The assumptions **do **matter. The introduction of verification time and node behaviour changes this model significantly.

If you are modelling p and q with both large and small blocks, then the probability rates are wrong. It is not rate p, it is rate p given that the block is under that accepted by q. As soon as p mines a block that q does not accept, the fork will drop all future q as well.

Epochs modelling is an approximation. The differences to the Negative (and Standard) Binomial are not large, but when run over and over, these add up. That small difference in the graph below is OK for one or two blocks, but it soon makes a difference when compounded. Those very small values in the figure below add up.

So, you need to use the Negative Binomial. What is the probability that m x q blocks will occur before n x p blocks where n < m. Do the sum of all values. I have not done this, so I cannot say what difference there is.

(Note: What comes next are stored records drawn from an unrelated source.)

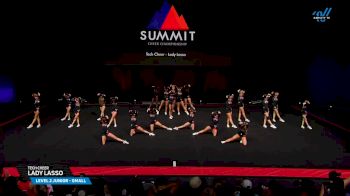 Tech Cheer - Lady Lasso [2025 L2 Junior - Small Finals] 2025 The Summit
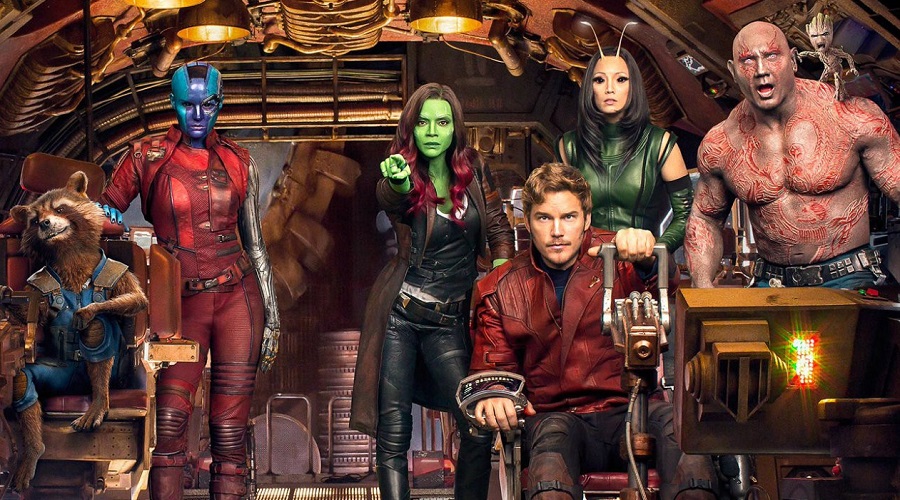 Potential SPOILERS for Guardians of the Galaxy 3 below!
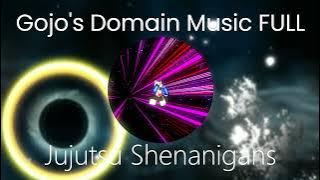 Download lagu [FULL] Jujutsu Shenanigans GOJO domain expansion Music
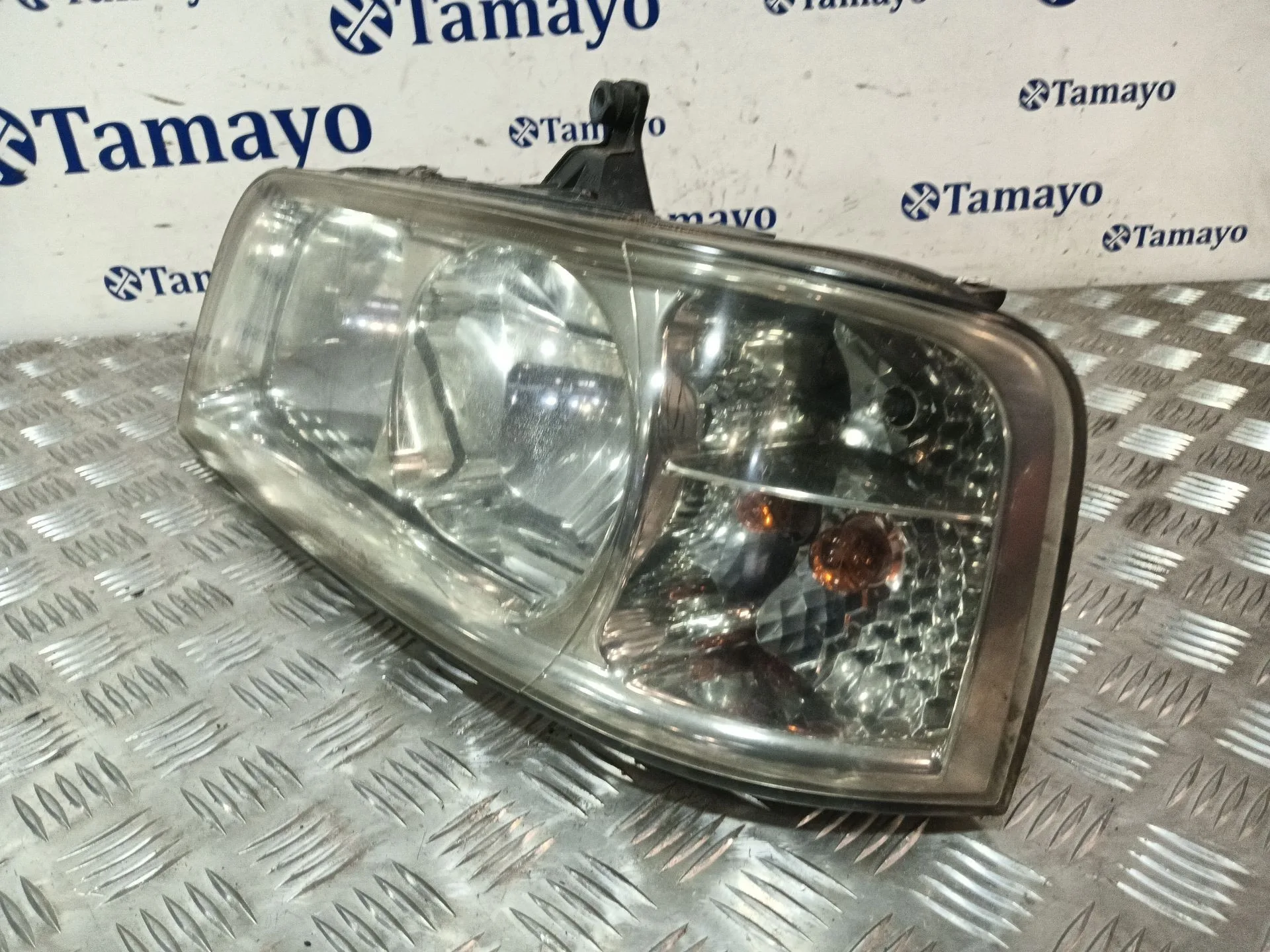 Faro Izquierdo para Fiat Doblo Monospace (119_, 223_)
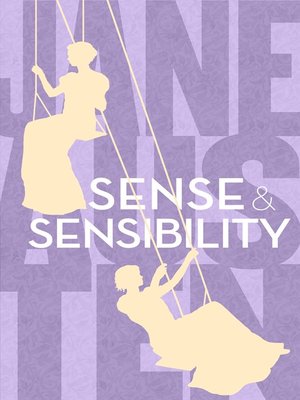 cover image of Sense and Sensibility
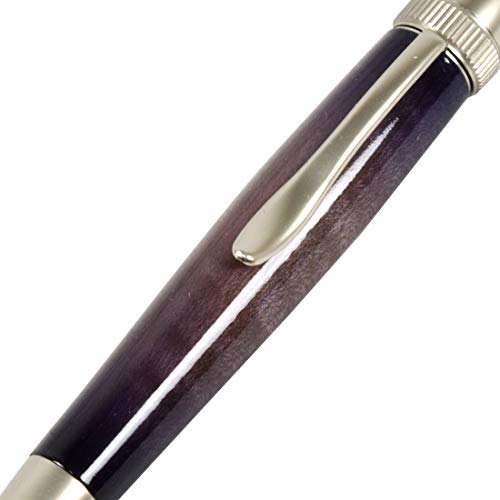 Amazon | f style 手作り ボールペン 天然 木 air brush wood pen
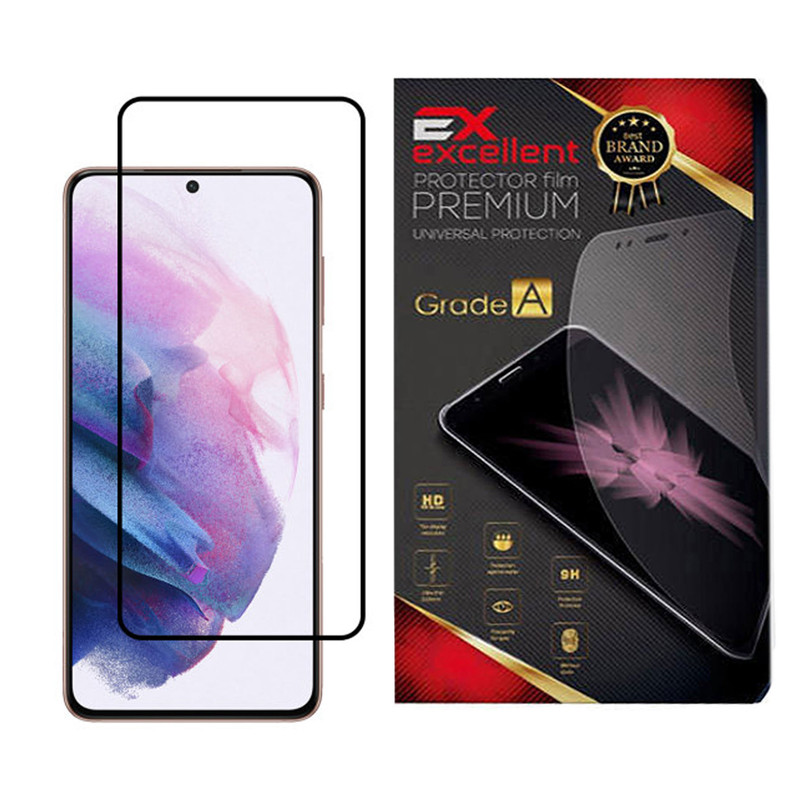 محافظ صفحه نمایش سرامیکی ایکس اکسلنت مدل ECG مناسب برای گوشی موبایل سامسونگ Galaxy S21 Plus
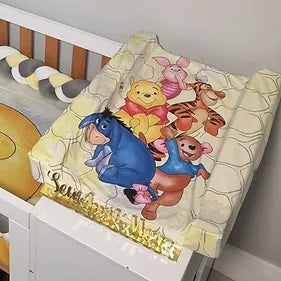 Pooh Bear! - Sew Just More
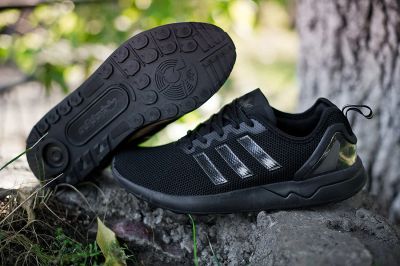 Лот: 10228912. Фото: 1. Adidas ZX Flux ADV B. Кеды, кроссовки, слипоны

That is before you add the validation and propagation time. These are small, so most people dismiss them, the trouble is, the effect is statistically significant.

At p=3 the probability is incredibly low. Possible but low. by p=12, q=6 for p=2/3; q=1/3 we are talking black swans and more likely past the difficulty change and thus safe. So, you are also better looking at how long this would be prior to the chain being effectively safe. For instance, we have our q=1/3 system, it has 6 blocks, p has 12… what rate will q manage to catch up to p at?

At that point, you have a likelihood of 0.002058 of catching up if the two systems start at the block difficultly change. If you do this later, and closer to the difficulty change,

The other assumption, a log linear increasing difficulty also make a change that cannot be discounted.

So, it is a model, but not accurate enough. Bitcoin is similar to an SEIR-C. The times do matter and you cannot assume them away.

Most critically, network distribution matters.

The minority forms a pruned sub-graph.

Once the fork happens, the propagation rates change. The majority remains a giant or supernode and the other aspects are on a limited transaction graph that is still connecting to the other networks, but rejecting.

A question… how often does a q=2/3 miner get 6 blocks in under 90 mins? 150?

How often does a p=1/3 miner get 6 blocks in under 180 mins? 150?

They are also not independent queue models. I know we like to simplify these all the time, but they are time censored Poisson models and the maths for the simplified system doe snot equate to the actuality of it.

I am never a fan of simplified models …